▶ [To do]
Your copy begins at the line with "Gerücht: Kehrt Fabian" and runs through the end of the data below. Set down only those lines exactly, without pictures.

▶ [Short web captions]
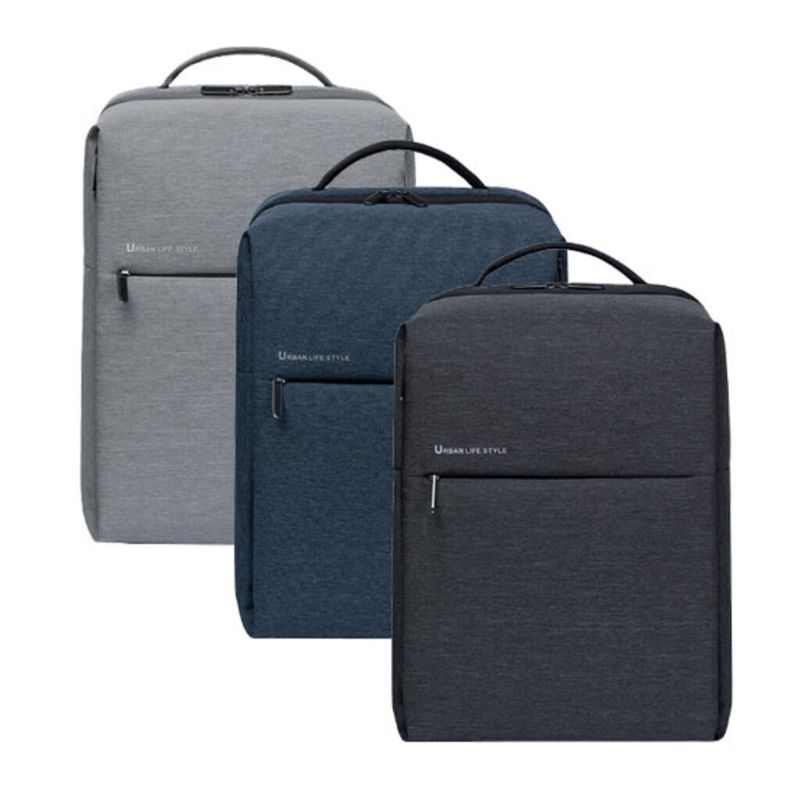 Xiaomi Urban Lifestyle Backpack 2 - กระเป๋าเป้เออเบิร์นไลฟ์สไตล์รุ่น 2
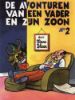 Afbeelding van Avonturen van vader en zoon pakket 1-26 (ADHEMAR, zachte kaft)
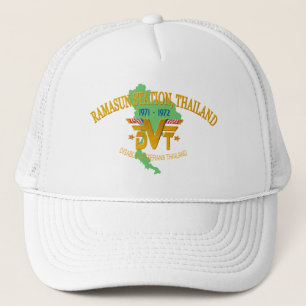 Estación de Ramasun, gorra del camionero de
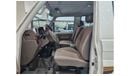 Toyota Land Cruiser SWB LAND CRUISER 70 2021 GCC LOW MILEAGE IN MINT CONDITION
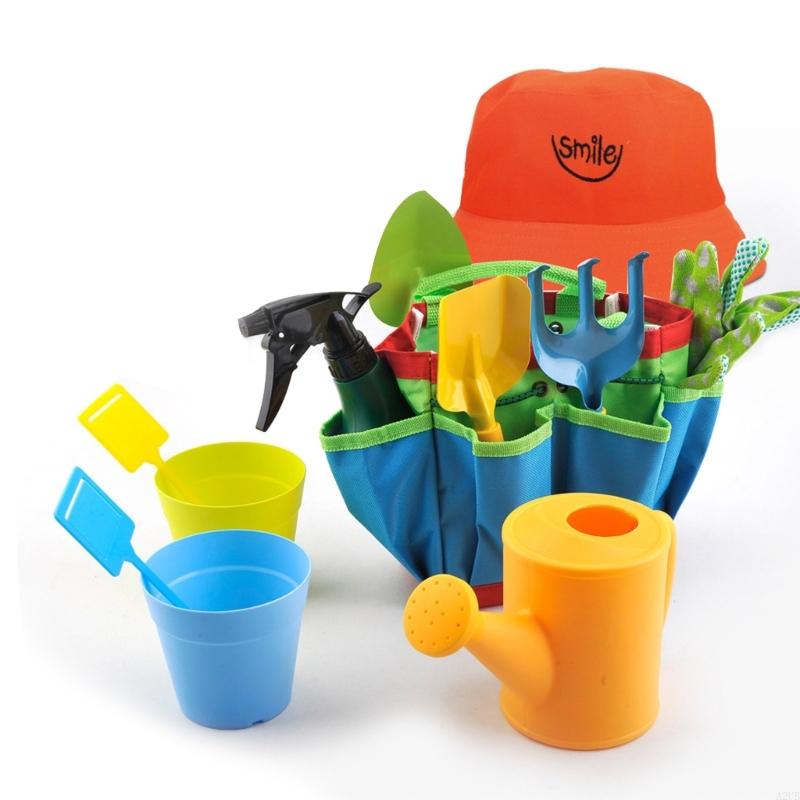 Gardening Tools For Toddlers - Dụng Cụ Làm Vườn Cho Bé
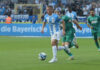 Gerücht: Kehrt Fabian Greilinger zum TSV 1860 zurück? Tsv 1860 Vfb Lübeck Fabian Greilinger 2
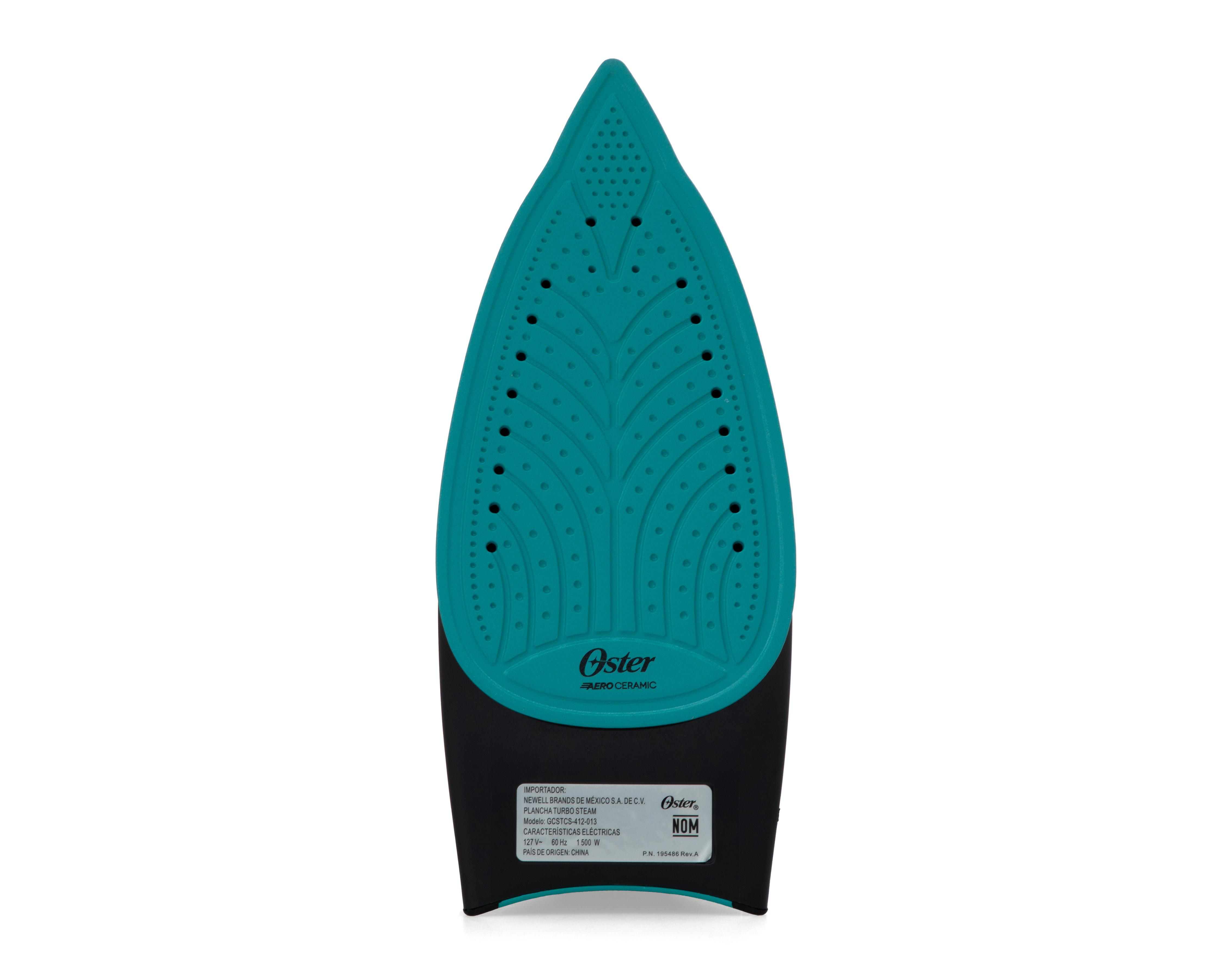 Foto 3 pulgar | Plancha de Vapor Oster Turbo 280 ml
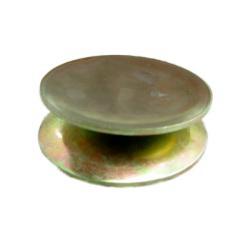 Заглушка двигателя латунная 35мм дисковая (арт. 25-19085426)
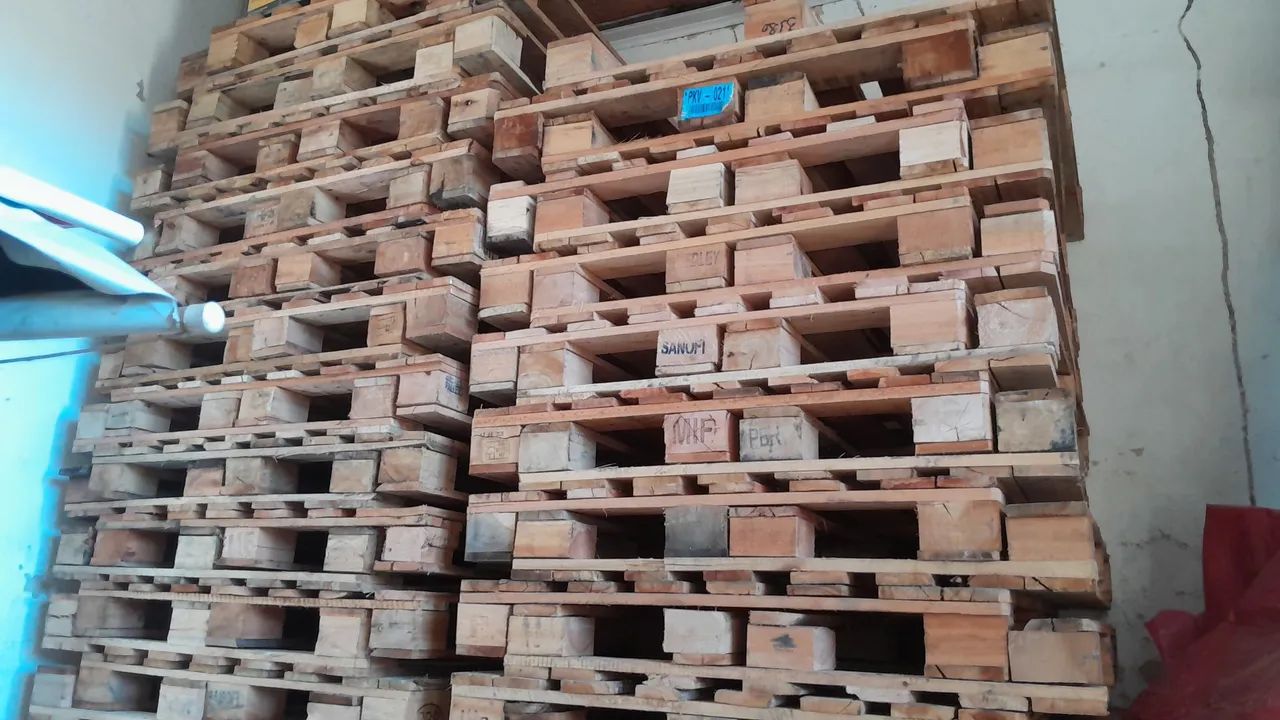 Venda de paletes. - Foto 2
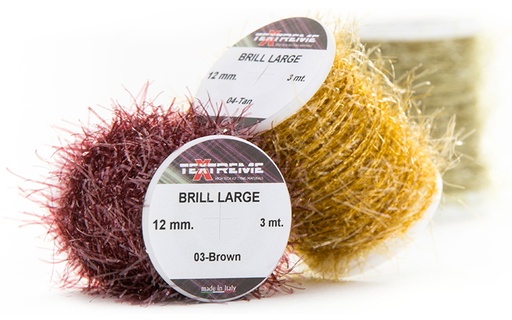 [SBRL-12] TEXTREME - BRILL LARGE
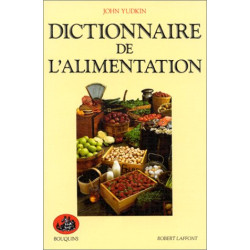 Dictionnaire de l'alimentation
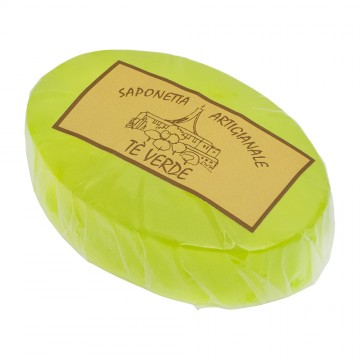 Saponetta al Tè Verde...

▶ [Exercise result]
 Gerücht: Kehrt Fabian Greilinger zum TSV 1860 zurück? Tsv 1860 Vfb Lübeck Fabian Greilinger 2
 Foto 3 pulgar | Plancha de Vapor Oster Turbo 280 ml
 Заглушка двигателя латунная 35мм дисковая (арт. 25-19085426)
 Venda de paletes. - Foto 2
 [SBRL-12] TEXTREME - BRILL LARGE
 Dictionnaire de l'alimentation
 Saponetta al Tè Verde...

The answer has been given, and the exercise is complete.